19
votes

I've moved a few old Jenkins jobs to new ones using the pipeline feature in order to be able to integrate the Jenkins configuration within the git repositories. It's working fine but I'm asking myself if there is a way to reduce the number of checkout that happens while building.

Setup

  • I have a Jenkins multibranch job which is related to my git repository
  • I have a Jenkinsfile in my git repository

    #!groovy
    node {
    
      stage 'Checkout'
      checkout scm
    
      // build project
      stage 'Build'
      ...
    }
    

Problem

When I push to my remote branche BRANCH_1, the multibranch jenkins job is triggered and my understanding is that the following steps happen:

  • the multibranch job makes a git fetch for the branch indexing and triggers the job corresponding to my remote branch: BRANCH_1_job
  • BRANCH_1_job makes a git checkout to retrieve the Jenkinsfile of the triggered branch
  • the Jenkinsfile is executed and makes a checkout scm itself. If I don't do it, I can not build my project because no source are available.

So for building my branch, I end up with one git fetch and two git checkout.

Questions

  • Do I understand the process correctly? Or did I miss something?
  • Is there a way to reduce the number of git checkout? When I check the official examples, they all make a checkout scm as first step. I would personally think that I don't have to do it because the jenkins job already had to make a checkout to retrieve the Jenkinsfile (so my sources have to be here somehow).
  • Don't you think these multiple checkouts can cause bad performance as soon as the git repo contains a big number of refs?

Thanks you all

2
If you're not set on using the multi-branch pipeline, you could create a normal (single branch) pipeline job with the Jenkinsfile in Jenkins which performs a single checkout and then loads your actual build script from the checked out repository via load 'ci/build-script-in-your-repo.gy'. Unfortunately, you would loose the separate jobs for each branch in that case. - Carsten
I know what you mean but I would like to: - keep my ci config in my repository and not in my jenkins job configuration - use the nice multibranch features (like one job per branch, so one can easily see which branch is failing) - Bastien

2 Answers

9
votes

With plain git Jenkins has to do two checkouts: one to get the Jenkinsfile to know what to execute in the job, and then another checkout of the actual repository content for building purposes. Technically Jenkins only needs to load the one single Jenkinsfile from the repo, but git doesn't allow checkout of a single file. Therefore the double checkout cannot be avoided with plain git using the multibranch plugin.

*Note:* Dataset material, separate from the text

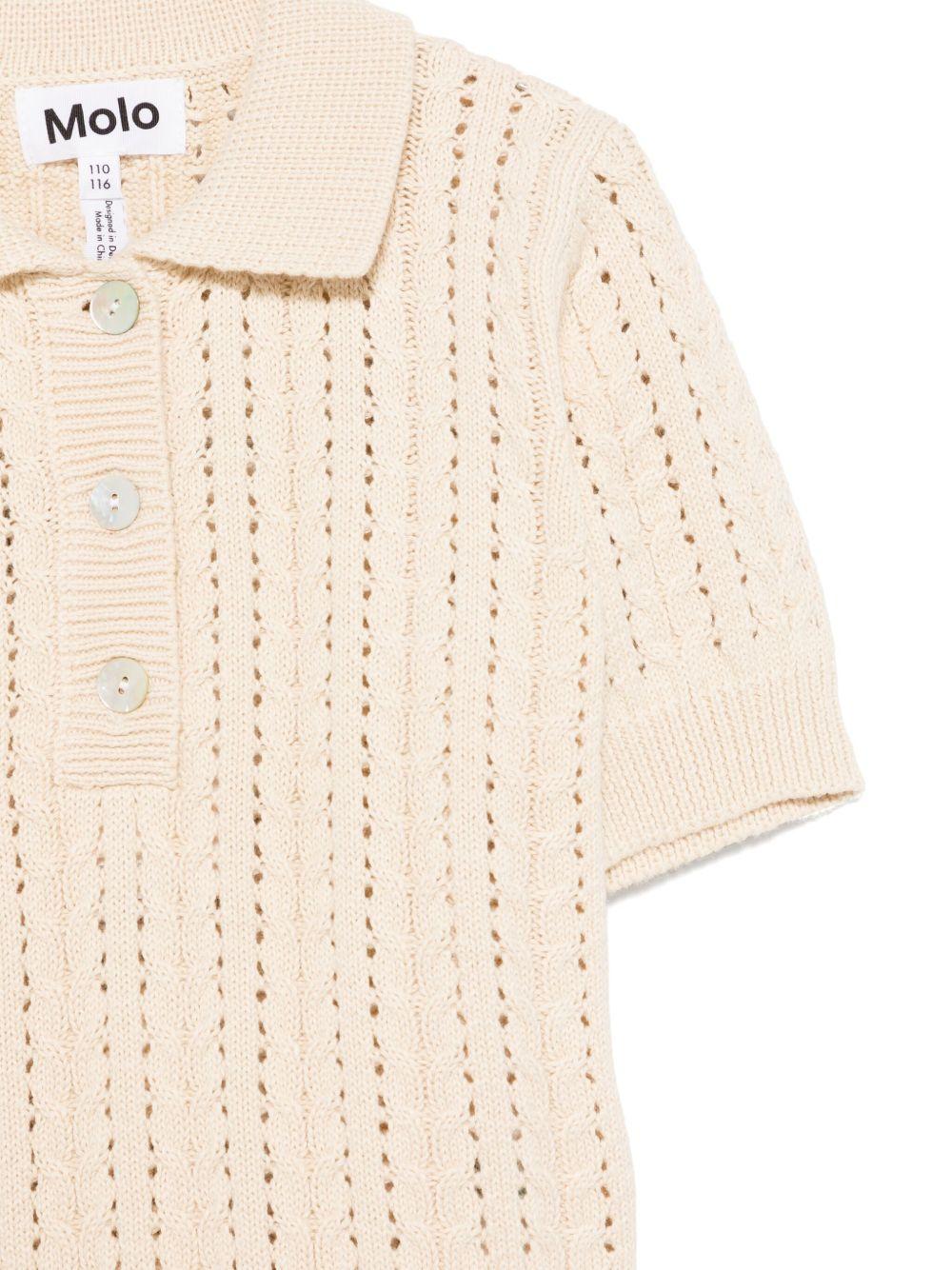Polo per bambina Molo Gretel beige con abbottonatura frontale corta - Rubino Kids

If you host git on Bitbucket or GitHub then you avoid the double checkout by using their specific Jenkins plugins instead of the multibranch plugin.

See the Jenkins plugin site for Bitbucket and GitHub plugins accordingly.

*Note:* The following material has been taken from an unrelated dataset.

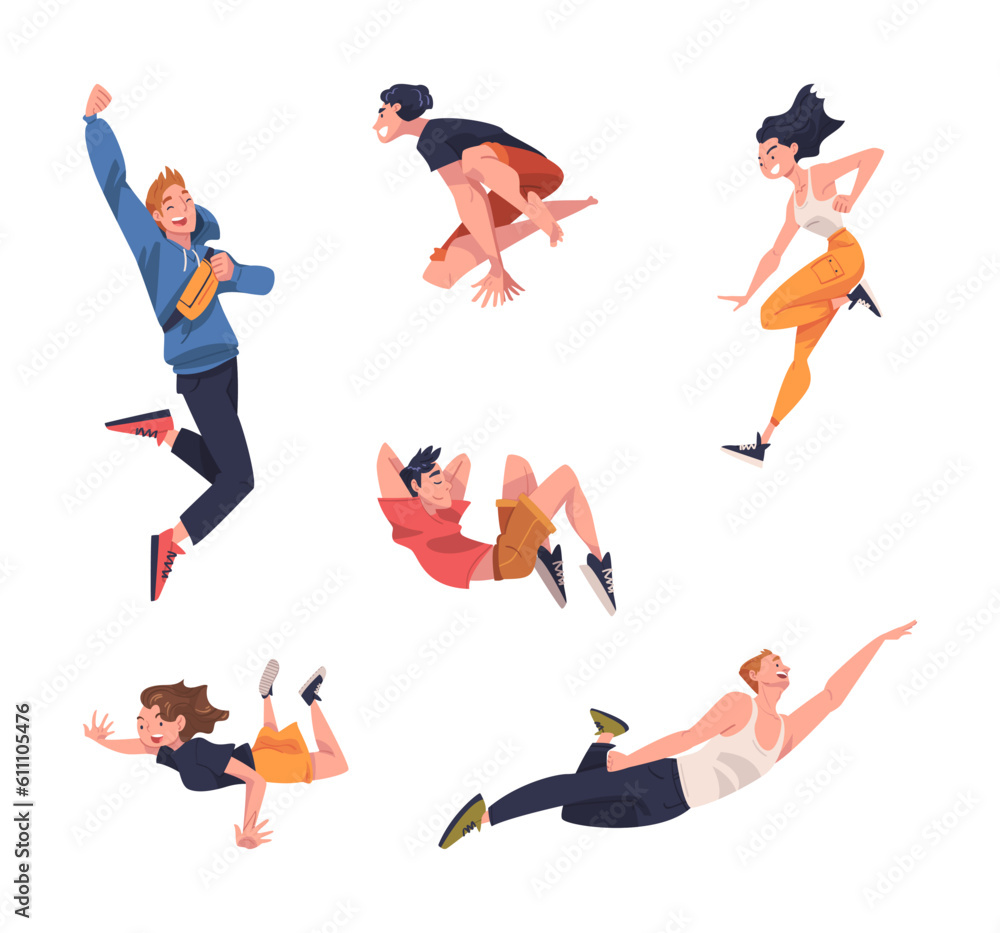 Wall mural Jumping People Character Feeling Freedom and Motion Flying in Mid Air Vector Illustration Set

These plugins use the respective Git provider's REST API to load the single Jenkins file. So you technically still have a double checkout, but the first one is a simple REST call to download a single file, rather than doing a full native git checkout of the whole repository.

0
votes

I've run into this several times and the robust solution that I came with was define a tiny "launcher script" inside the job itself (without scm source) that checks-out the correct source revision and loads the actual pipeline from the sources.

If you are using the DSL plugin to general your job, you'll define the pipeline this way:

pipelineJob("myjob") {
  ...
  definition {
    cps {
      script('''
        node {
          checkout scm
          load("path/to/script.groovy")
        }
      ''')
    }
  }
}

If your are configuring the job manually using the jenkins "Configure" screen, this is identical to choosing "Pipeline script" instead of "Pipeline script from SCM" and copying the small checkout-and-load script inside the box.

This decouples the pipeline bootstrap from the actual SCM and allows you to checkout-out once and have both the pipeline definition and the sources to be built. Not the most beautiful approach but definitely does the job well.